В 1993 году, 28 февраля, играли премьеру «Короля Лира» в Театре на Литейном. Режиссер Геннадий Тростянецкий едва разменял пятый десяток и был смел. Лира у него изображал Игорь Горбачев, многолетний худрук Театра Пушкина (то есть Александринки), проверенный товарищ, направлявший вверенное учреждение согласно линии партии. Когда и партия и линия вдруг прекратили существование, вчера еще всевластного Горбачева выбросили за порог. Тростянецкий «стилизовал» изгнанника с блеском. Старомодная резонерская манера, усугубляемая напряженным прислушиванием к подсказкам суфлера, отлично контрастировала с упругим ритмом сцен, в которых поверженный король не участвовал. Режиссер позволял королю шалить — рвать прямо на сцене ненавистную газету «Час пик», публикации в которой ускорили злосчастное увольнение, интересоваться у зала, который час, и в ответ радостно восклицать: «Время терпит» (спектакль заканчивался за полночь). Гуманитарная миссия по трудоустройству пожилого, оставшегося не у дел артиста никак не мешала сдержанной режиссерской иронии: его «Лир» рассказывал о несправедливости прогресса и не правы в спектакле были все.

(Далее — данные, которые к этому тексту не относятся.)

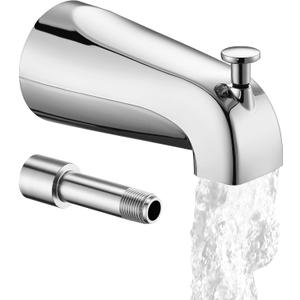 All Metal Bathtub Spout with Diverter, 5.3 Inch Tub Spout, Fits 1/2" Copper Slip-On and 1/2" or 3/4" IPS Threaded Pipes, Easy Lift to Switch, Leak-Free, Easy DIY Installation, Chrome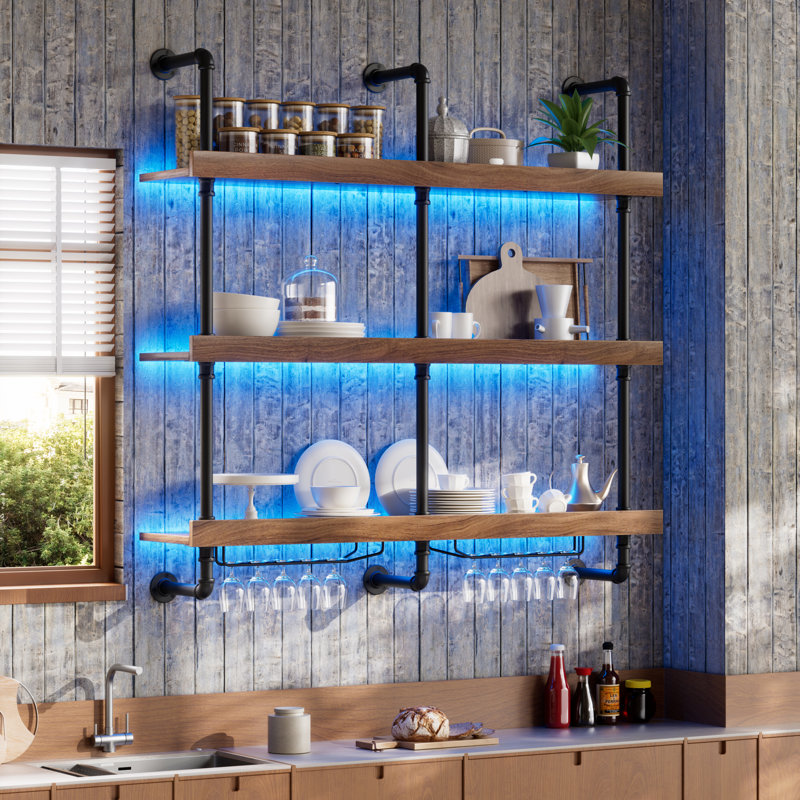 Floating Bar Shelves For Liquor, Wall-mounted Wine Rack With Led Light, Hanging Wine Rack With Stemware Glass Holders For Kitchen, Dining Room, Bar Decor Storage Display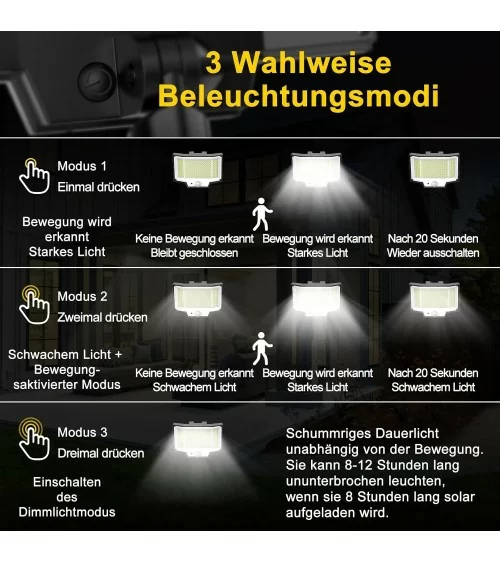 Lampe solaire d'extérieur avec détecteur de mouvement | Très puissante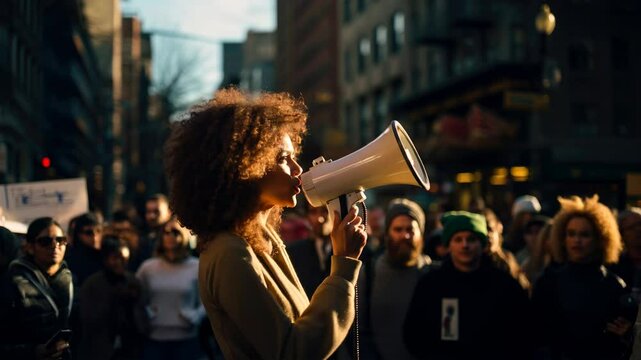 A woman with a megaphone leads a protest in a city street. Captured at eye level, the video conveys activism and urban energy in warm lighting.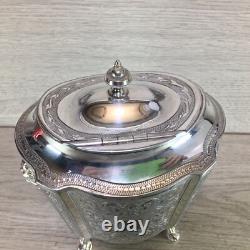Ornate Antique Silver Plate Tea Caddy Holder Lions Heads Footed English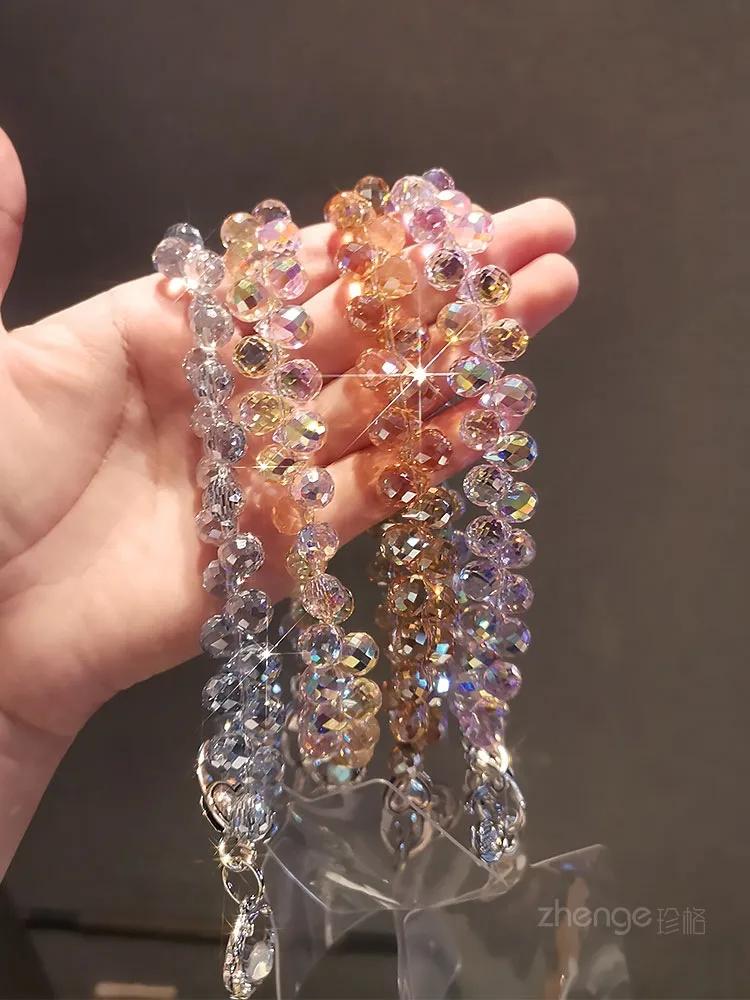 Handmade Crystal Water Drop Beads Mobile Phone Lanyard Women's Short Handle Chain Bracelet Fashion Geometry Pattern Pattern Ornaments display picture 10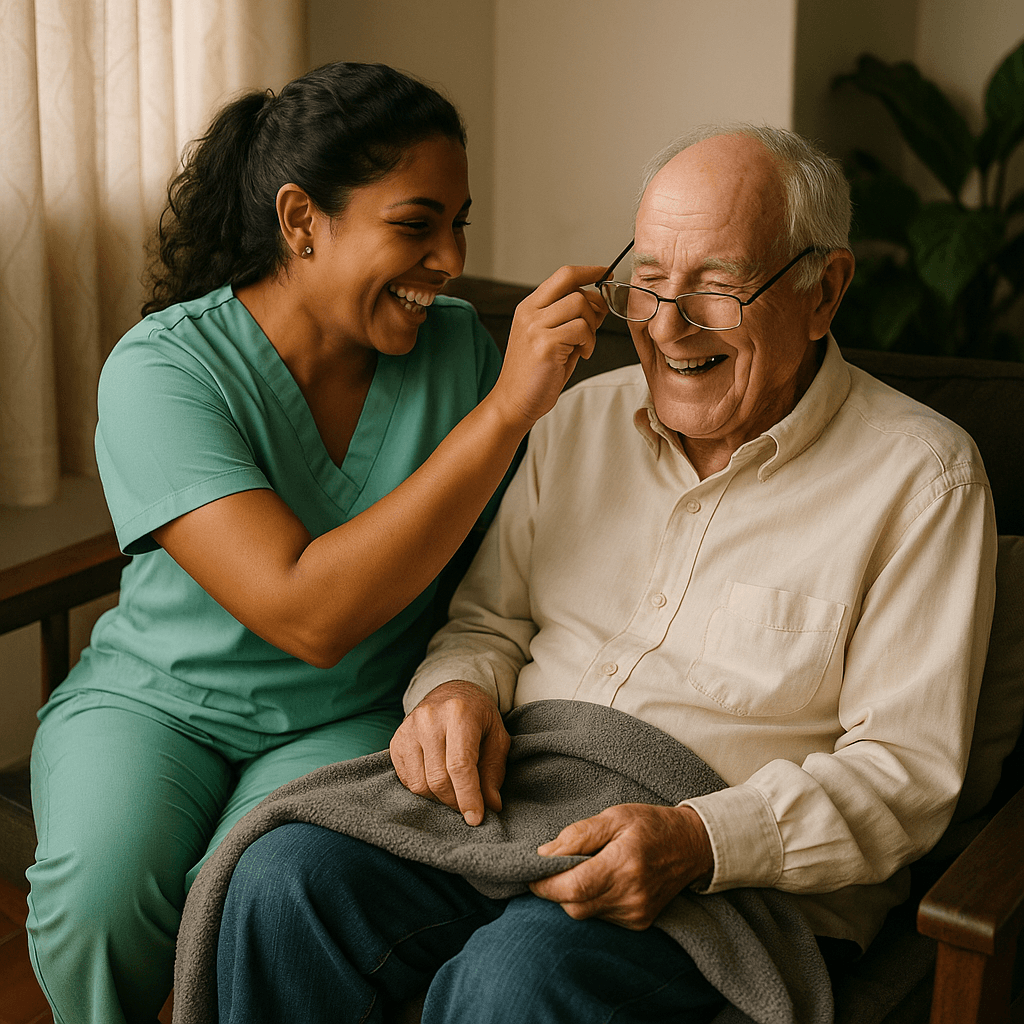 Enfermera profesional brindando cuidado personalizado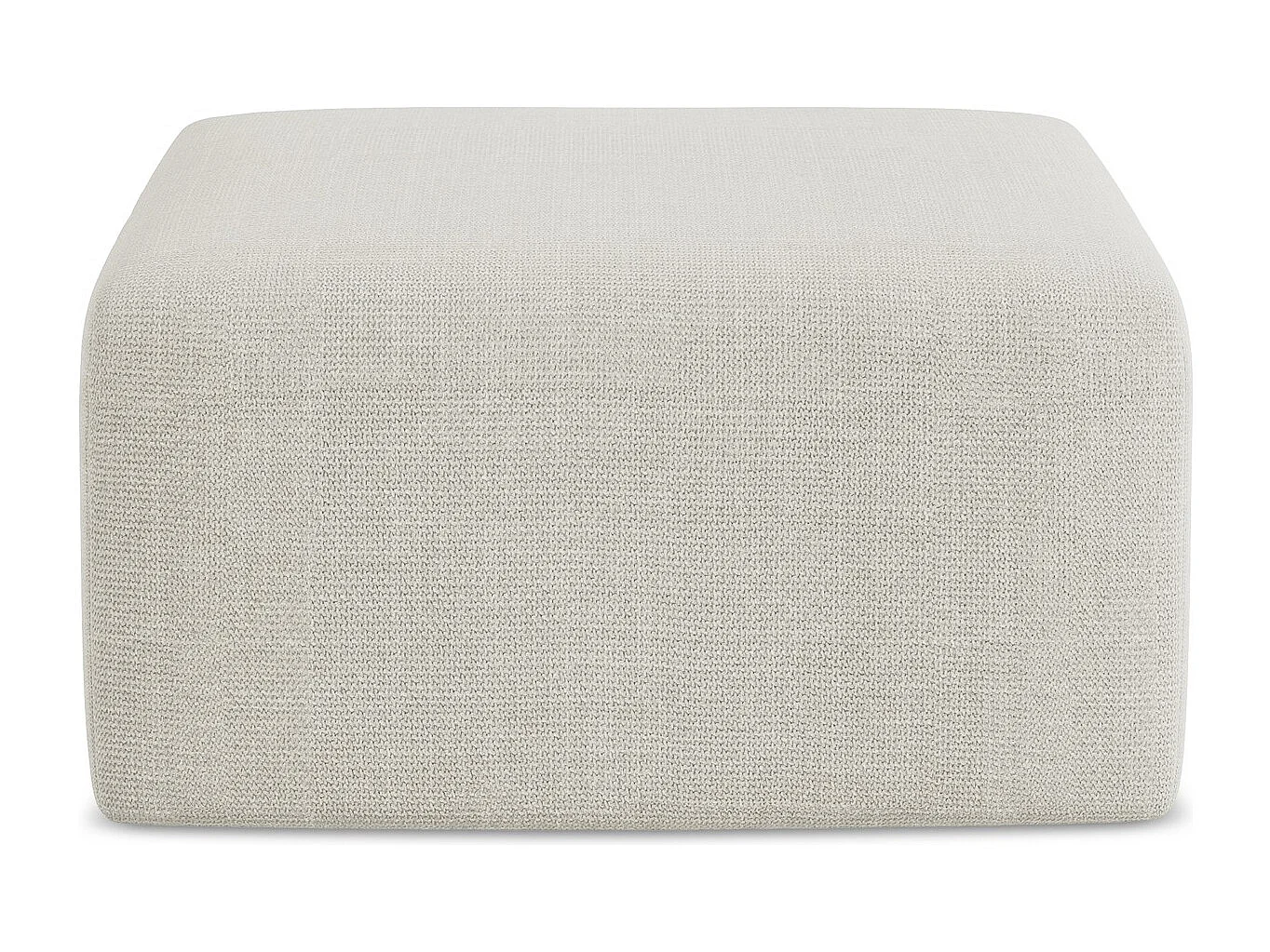 Pouf en tissu texturé - beige clair - KELI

Именно Александринка, выпавшая из-под длани Горбачева, будет частенько мелькать в нашем рассказе. То ли тамошние зубры так стосковались по театральной игре, десятилетиями играя в пьесах на производственную тему, то ли оказались чужды корпоративному снобизму: в адрес Пушкинского театра времен Горбачева не острил только ленивый и его труппа была свободна от бремени репутации. Скажем, народная артистка РСФСР Галина Карелина в 1990-е годы образовала своеобразный тандем с молодым актером и режиссером Игорем Лариным. Играя на пару с ним в дерзкой «Чайке» (1996, театр «Монплезир»), Карелина не только брала на себя все женские роли, она играла еще и Мировую душу и тут же снимала декадентский пафос, перевоплощаясь в «опытного мастера сцены», тщетно взыскующего от молодого постановщика внятных задач. В «Пиковой даме» Ларина (1998) Карелина была страшной, инфернальной графиней, прятавшей за внешним лоском демоническое безумие. Вкуса к рискованному эксперименту артистка не утратила. В 2007 году она вышла на Малую сцену Александринки в спектакле Олега Еремина «Муха», сыграв пожилую Цокотуху, которую молодежь театра травила инсектицидами. «Сопротивляйся», — воодушевляла себя актриса строкой из Бродского, артикулированной по всем правилам старой школы сценической речи. После такого роль мертвой бабушки в «Счастье» Андрея Могучего (2011) для Карелиной оказалась вовсе не страшна: она не из суеверных.

Ирина Соколова

С 1996-го по 1998 год петербургский ТЮЗ возглавлял Анатолий Праудин, режиссер своеобразного творческого почерка, затем, после конфликта с директором, он был из театра удален — и довольно некрасиво. Вместе с Праудиным из ТЮЗа ушла прима — Ирина Соколова: с 1999 года она является ведущей артисткой Экспериментальной сцены Праудина при театре «Балтийский дом». Ее ролевой диапазон в репертуаре праудинской сцены ошарашивает: пионер Ваня Васильчиков, Харита Огудалова, фея из «Золушки», ослик Иа-Иа, пожилая Ахматова и даже Сизифов камень. Роли это в основном второго плана, хотя и важные: Соколовой нравится существовать в ансамбле, а не на бенефисе, но она всегда выделяется фирменной скупостью и четкостью актерских оценок. Четкой и определенной была и соколовская Кабаниха в спектакле Михаила Бычкова «Гроза» (2007, ТЮЗ имени А. А. Брянцева — острота конфликта утихла, и актриса стала появляться в родном театре как приглашенная исполнительница): в эпоху милых и приятных во всех отношениях театральных Кабаних (вспомним хотя бы другую героиню нашего очерка — Эру Зиганшину в «Грозе» Генриетты Яновской) Соколова вышла к зрителю злой и узколобой комиссаршей темного царства в чекистской кожанке.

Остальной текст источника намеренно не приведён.